▶ Provided material
BEGIN
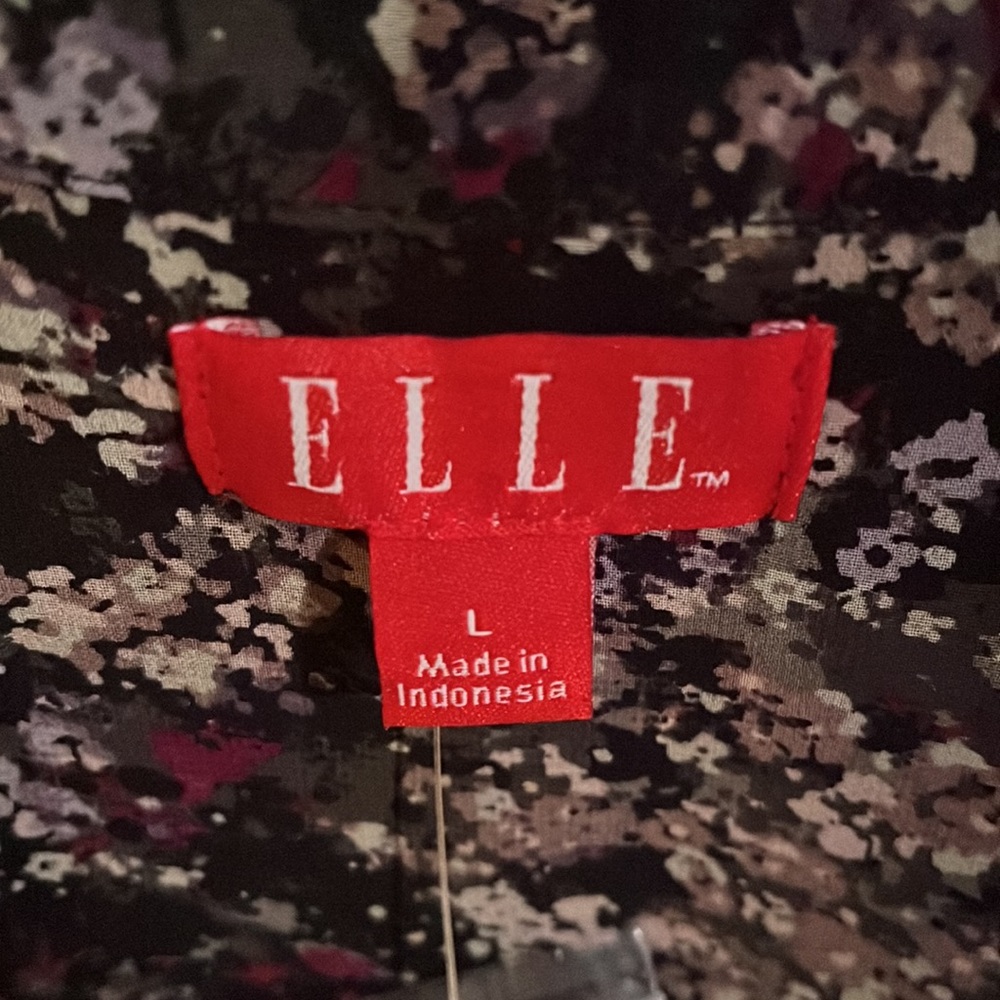 Elle Top - Picture 3 of 5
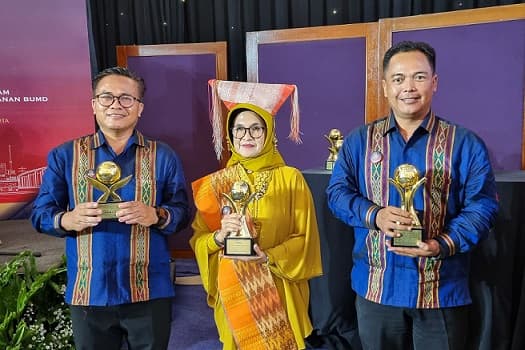 perumda_tirta_uli_raih_top_bumd_se_indonesia_arianto_ceo_terbaik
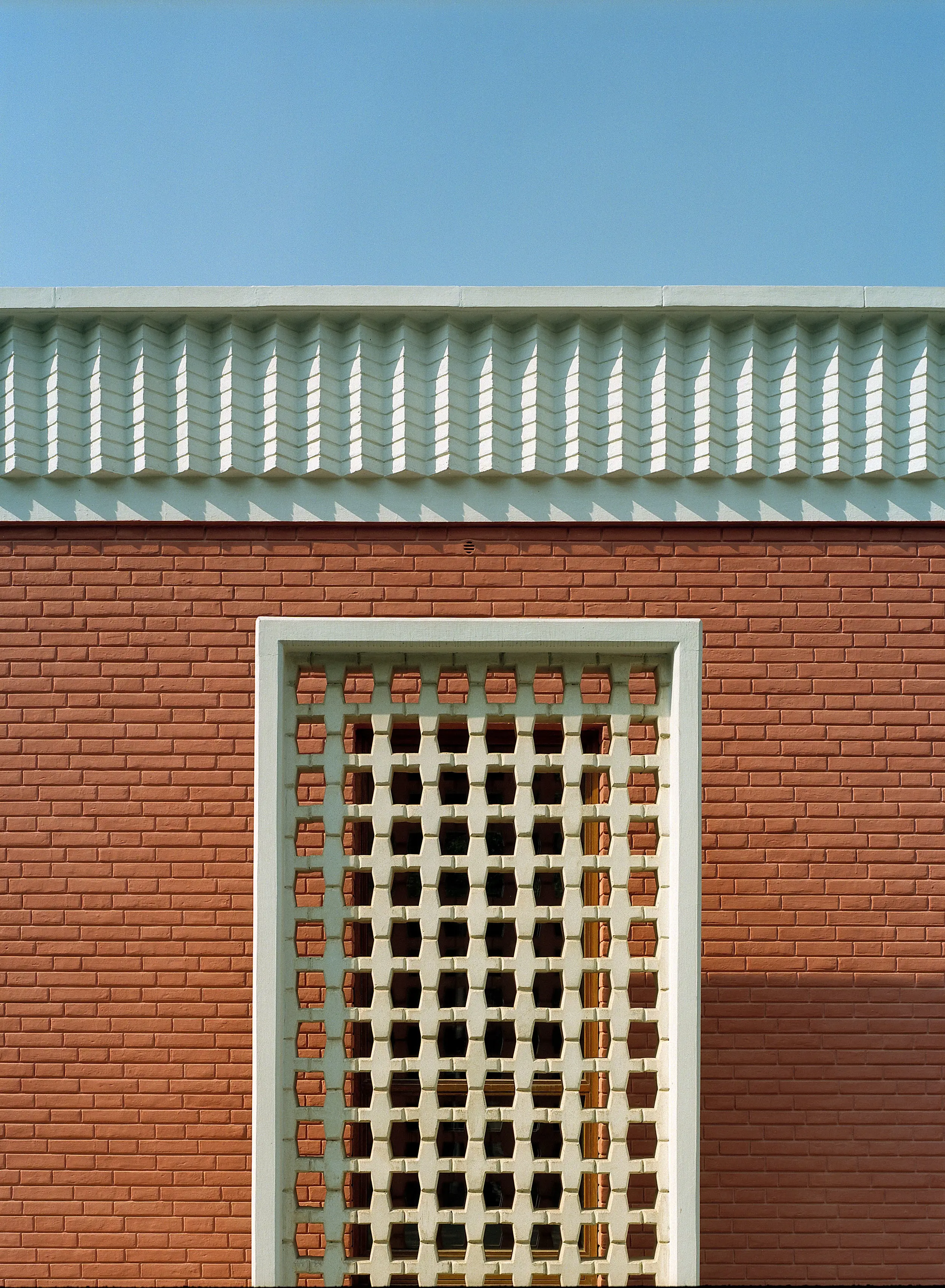 Solskydd framför fönster i den svenska ambassaden i New Delhi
END
▶ Task details
Nothing but an exact transcription of the material, without pictures, should be returned.

▶ Task response
 Elle Top - Picture 3 of 5
 perumda_tirta_uli_raih_top_bumd_se_indonesia_arianto_ceo_terbaik
 Solskydd framför fönster i den svenska ambassaden i New Delhi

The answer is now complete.